In the same line of thought, African tradition had an administration of justice that was ruled by Embrenche who were chiefs with Equiano’s father being one. At one incident he accounts for a chief’s son being punished to pay a slave man or woman for having kidnapped a boy. Marriage was highly honored and adultery was highly punished (Equiano 11). At the same time, unfaithfulness or rather adultery for the married was punished by slavery or death. Likewise, slaves were made to be part and parcel of the dowry that was given to a newly married couple. Notably, African slaveholders accommodated them in the houses together with the other members of the family.

Following this point, when Equiano was kidnapped, he came across a culture that was totally different from what he had been used to.
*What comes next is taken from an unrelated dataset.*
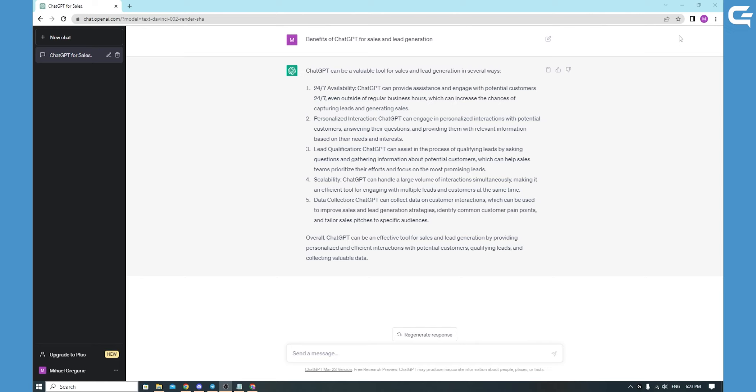Not only that, ChatGPT can also help you generate leads by engaging with potential customers in a personalized way. By analyzing customer data and behavior, ChatGPT can tailor its responses to each individual, increasing the chances that they'll be interested in what you have to offer.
Mannerism and treatment of slaves was so different. In this context, Equiano brings into view his experiences after being kidnapped and the time that he encountered a slave ship at the time that he arrived at the sea coast (Equiano 23). In line with this Equiano explains that the ship that he found was riding at the anchor waiting for its cargo of slaves from Africa. Shortly after, his astonishment was converted to terror and his thoughts, once he was carried aboard. In this case, he was handled and tossed to ensure that he was sound (Equiano 31). This was accomplished by some crew. The European language was so strange to the narrator that this combined with the complexion of those that took him as slave convinced him that he was in a world of evil spirits that would end up killing him.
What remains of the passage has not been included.